Mancanza

“Di che è mancanza questa mancanza, cuore, che a un tratto nei sei pieno?

MARIO LUZI

I primi tempi del mio lavoro come operatore nei centri di accoglienza per migranti, mi meravigliavo, spesso anche con un certo fastidio, che le persone accolte si lamentassero in continuazione di non aver niente da fare, un lavoro, un’occupazione, ma che poi, nello stesso tempo, passassero buona parte del loro tempo sdraiati sul letto o a girellare nel piazzale antistante la struttura di accoglienza.

E’ stato solo con il passare dei mesi e con l’approfondimento della loro conoscenza che ho capito che la loro, prima ancora che di lavoro, di relazioni, di autonomia, era soprattutto una mancanza di senso, di un motivo reale per vivere quel determinato tempo in quel determinato luogo. Nessuno di loro aveva scelto di venire a vivere a Empoli, o nessuno dei loro compagni di camera, come prima non avevano scelto i propri compagni di viaggio. Il loro essere in quel luogo in quel momento era solo una lontana conseguenza della loro decisione iniziale di partire dal loro paese di nascita e soprattutto l’esito di una serie di casualità. Ecco quindi che l’obiettivo del nostro lavoro, una volta acquisita questa consapevolezza, diventava non tanto e non solo quello di aiutarli ad acquisire una formazione specifica, ad apprendere la lingua italiana ed eventualmente a trovare un lavoro, ma soprattutto scoprire e definire insieme il senso del loro essere qui.
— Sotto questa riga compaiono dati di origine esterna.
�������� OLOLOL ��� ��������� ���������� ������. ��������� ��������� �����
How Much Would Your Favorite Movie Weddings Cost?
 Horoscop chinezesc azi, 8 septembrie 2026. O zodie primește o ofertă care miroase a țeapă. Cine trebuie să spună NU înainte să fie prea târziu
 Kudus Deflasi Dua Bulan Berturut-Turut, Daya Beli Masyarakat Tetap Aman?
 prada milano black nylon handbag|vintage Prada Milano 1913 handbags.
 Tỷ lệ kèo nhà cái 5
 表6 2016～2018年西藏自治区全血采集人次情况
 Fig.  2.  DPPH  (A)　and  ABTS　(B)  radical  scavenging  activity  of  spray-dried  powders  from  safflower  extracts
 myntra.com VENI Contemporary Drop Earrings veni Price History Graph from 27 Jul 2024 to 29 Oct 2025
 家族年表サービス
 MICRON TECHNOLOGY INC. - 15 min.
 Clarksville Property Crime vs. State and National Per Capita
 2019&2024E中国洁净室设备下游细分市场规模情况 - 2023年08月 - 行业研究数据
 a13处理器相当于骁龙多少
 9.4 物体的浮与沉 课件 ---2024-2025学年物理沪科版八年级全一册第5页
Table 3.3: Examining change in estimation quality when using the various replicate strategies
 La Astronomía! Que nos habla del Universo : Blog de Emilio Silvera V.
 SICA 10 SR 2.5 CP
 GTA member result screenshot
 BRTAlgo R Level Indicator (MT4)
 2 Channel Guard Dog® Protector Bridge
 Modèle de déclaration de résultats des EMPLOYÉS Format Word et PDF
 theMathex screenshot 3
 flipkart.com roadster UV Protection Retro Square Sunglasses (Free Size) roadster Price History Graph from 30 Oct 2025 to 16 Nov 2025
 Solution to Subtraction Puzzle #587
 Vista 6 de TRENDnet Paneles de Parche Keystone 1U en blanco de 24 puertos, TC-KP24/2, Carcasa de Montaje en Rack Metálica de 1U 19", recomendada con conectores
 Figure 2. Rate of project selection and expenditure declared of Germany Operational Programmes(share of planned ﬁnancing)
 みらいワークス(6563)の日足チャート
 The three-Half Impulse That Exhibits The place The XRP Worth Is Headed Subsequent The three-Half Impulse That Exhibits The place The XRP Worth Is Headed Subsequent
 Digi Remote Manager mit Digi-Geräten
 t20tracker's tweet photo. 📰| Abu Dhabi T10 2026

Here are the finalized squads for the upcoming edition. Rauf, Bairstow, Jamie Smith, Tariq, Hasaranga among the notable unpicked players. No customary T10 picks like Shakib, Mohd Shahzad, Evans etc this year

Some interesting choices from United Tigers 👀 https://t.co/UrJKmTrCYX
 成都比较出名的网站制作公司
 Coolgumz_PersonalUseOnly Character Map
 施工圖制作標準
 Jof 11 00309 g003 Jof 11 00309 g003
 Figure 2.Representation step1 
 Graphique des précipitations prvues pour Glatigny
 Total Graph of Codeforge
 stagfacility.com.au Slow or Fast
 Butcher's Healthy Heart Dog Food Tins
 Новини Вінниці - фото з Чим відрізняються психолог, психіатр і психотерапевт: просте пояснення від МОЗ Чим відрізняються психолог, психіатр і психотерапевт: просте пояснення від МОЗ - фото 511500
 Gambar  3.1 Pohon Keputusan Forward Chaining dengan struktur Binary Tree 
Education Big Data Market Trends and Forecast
Nel libro Memorie di una Geisha c’è una frase molto bella, della quale sono riuscito a comprendere bene il senso solo in questi mesi, che dice: “Al tempio c’è una poesia intitolata La Mancanza, incisa sulla pietra. Ci sono tre parole, ma il poeta le ha cancellate. Non si può leggere La Mancanza, soltanto avvertirla.”

In questo anno, ormai, di limitazione della libertà, di perdita di antiche abitudini radicate e di molte relazioni sociali, di distanziamento forzato, di tempo abbondante, ma spesso inutile, a disposizione ho capito finalmente il significato profondo di quella assenza di senso che avevo solo intravisto nei ragazzi con i quali avevo lavorato.

E’ una mancanza che fa perdere i punti di riferimento, che fa sperimentare un senso forte di inutilità e di precarietà, che fa capire quanto l’uomo sia definito come essere umano solo all’interno di una comunità che si riconosce e lo riconosce come tale.

Purtroppo ho abbondantemente superato la fase nella quale anche io ho pensato che da questa crisi saremmo potuti uscire migliori, perchè l’esperienza di questi mesi ha in non pochi casi dimostrato il contrario.

Sono però ancora dell’idea che possiamo in qualche modo utilizzare questo periodo per acquisire qualche anticorpo che ci consenta non solo di riempire questa insufficienza di senso, ma anche di saper vedere e riempire anche quella degli altri che ci vivono intorno, provando a testimoniare vicinanza e un po’ di calore.

E in questo senso mi colpiscono sempre molto le parole di Papa Francesco, così semplici da sembrare quasi banali ad una prima lettura, ma che poi diventano incredibilmente operative, non perdendo la loro semplicità, quando si provano a mettere in pratica. Nel messaggio pubblicato ieri per la 55° Giornata mondiale per le comunicazioni sociali, il papa ha sottolineato con forza l’importanza di andare a vedere con i propri occhi le varie situazioni che avvengono vicino o lontano da noi, per provare ad incidere personalmente nel loro cambiamento. Il messaggio è chiaramente rivolto principalmente ai giornalisti, ma è riferibile ad ognuno di noi: andare a vedere con i propri occhi richiede la fatica di mettersi in cammino e di non credere soltanto a quanto ci viene raccontato, di essere disponibile a modificare la propria idea iniziale, ma soprattutto di sentire la responsabilità, una volta vista la situazione, di testimoniarla agli altri e di assumere un impegno personale al suo cambiamento. Quante situazione di difficoltà, di disagio, economico, sociale, spirituale, morale ci sono vicino a noi? Ebbene, per riempire quella mancanza di senso, che ci fa sentire inutili e colmare quella degli altri, la strada è quella di non voltare la testa dall’altra parte, adesso anche con l’alibi della pandemia, ma di farsi carico, di incontrare quelle situazioni, di essere testimoni di prossimità e protagonisti di un cambiamento.